In einer kleinen Reihe widmet sich der Verbändereport, beginnend in dieser Ausgabe, dem ganz praktischen Alltagsgeschäft der Verbände. Dieser Verbändealltag gerät, alle in Verbänden Tätigen wissen es, oft gegenüber den politischen Fragen und den „großen Themen“ eher in den Hintergrund, ist aber durchaus nicht unwichtig als Grundlage und Nährboden, auf dem die „wirklich wichtigen Dinge“ wie die erfolgreiche Interessenvertretung oder die Dienstleistung am Mitglied wachsen können.

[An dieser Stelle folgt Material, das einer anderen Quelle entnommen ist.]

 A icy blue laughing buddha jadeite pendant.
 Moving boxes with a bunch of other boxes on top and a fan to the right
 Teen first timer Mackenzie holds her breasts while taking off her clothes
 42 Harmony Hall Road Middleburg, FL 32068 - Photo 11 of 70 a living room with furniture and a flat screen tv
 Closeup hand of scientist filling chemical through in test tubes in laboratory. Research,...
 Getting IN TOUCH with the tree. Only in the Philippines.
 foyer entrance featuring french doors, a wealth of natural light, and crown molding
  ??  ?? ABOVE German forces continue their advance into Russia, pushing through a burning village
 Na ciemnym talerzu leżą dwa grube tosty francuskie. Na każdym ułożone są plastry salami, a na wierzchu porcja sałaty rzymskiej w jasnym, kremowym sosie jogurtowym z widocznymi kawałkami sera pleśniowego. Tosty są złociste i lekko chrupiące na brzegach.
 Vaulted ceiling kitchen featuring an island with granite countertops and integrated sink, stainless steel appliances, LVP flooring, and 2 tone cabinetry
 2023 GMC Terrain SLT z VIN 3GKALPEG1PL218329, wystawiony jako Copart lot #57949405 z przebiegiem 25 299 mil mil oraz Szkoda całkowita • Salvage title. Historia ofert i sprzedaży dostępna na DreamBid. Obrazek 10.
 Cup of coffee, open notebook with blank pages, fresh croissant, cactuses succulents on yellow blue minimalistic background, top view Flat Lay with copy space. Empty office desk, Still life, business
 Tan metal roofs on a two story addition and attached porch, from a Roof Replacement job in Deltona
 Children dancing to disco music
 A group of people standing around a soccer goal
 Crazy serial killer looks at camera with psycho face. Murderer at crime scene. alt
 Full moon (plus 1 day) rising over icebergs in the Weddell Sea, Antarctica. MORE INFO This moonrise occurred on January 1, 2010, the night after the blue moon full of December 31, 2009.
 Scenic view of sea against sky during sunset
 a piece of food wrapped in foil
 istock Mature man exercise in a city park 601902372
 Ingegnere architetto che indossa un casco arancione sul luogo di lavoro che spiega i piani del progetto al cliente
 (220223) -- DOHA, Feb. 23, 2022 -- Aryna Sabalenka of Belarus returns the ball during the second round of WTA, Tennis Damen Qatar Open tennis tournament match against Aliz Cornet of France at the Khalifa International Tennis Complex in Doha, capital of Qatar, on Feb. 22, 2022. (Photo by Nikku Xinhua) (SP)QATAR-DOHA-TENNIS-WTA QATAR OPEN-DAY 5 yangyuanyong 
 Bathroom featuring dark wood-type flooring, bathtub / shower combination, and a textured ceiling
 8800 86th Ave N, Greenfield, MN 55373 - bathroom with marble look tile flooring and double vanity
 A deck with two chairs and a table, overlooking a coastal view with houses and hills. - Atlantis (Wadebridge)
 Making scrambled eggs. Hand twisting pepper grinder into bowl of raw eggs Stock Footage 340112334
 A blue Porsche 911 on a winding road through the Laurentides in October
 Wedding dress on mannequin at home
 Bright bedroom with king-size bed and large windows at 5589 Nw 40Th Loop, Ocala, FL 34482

Praktisches Verbandsgeschäft: Das umfasst alles von der Büroorganisation in der Geschäftsstelle über das Publikationsangebot zum Sonderpreis für Mitglieder oder die Sitzungsvorbereitung für die nächste Vorstandssitzung bis hin zur Planung, Organisation und Durchführung der jährlichen Mitgliederversammlung.
Wir beginnen mit einem Thema, das Vorstände und ehrenamtliche Funktionsträger und die hauptamtlichen Mitarbeiter/-innen gleichermaßen betrifft: Das Leiten von Gremiensitzungen und Besprechungen ist eine Kunst, die direkte Auswirkungen auf die Qualität der Ergebnisse und Beschlussfassungen hat.
Warum ist es so schwer, einen Nachfolger für Thomas Gottschalk zu finden?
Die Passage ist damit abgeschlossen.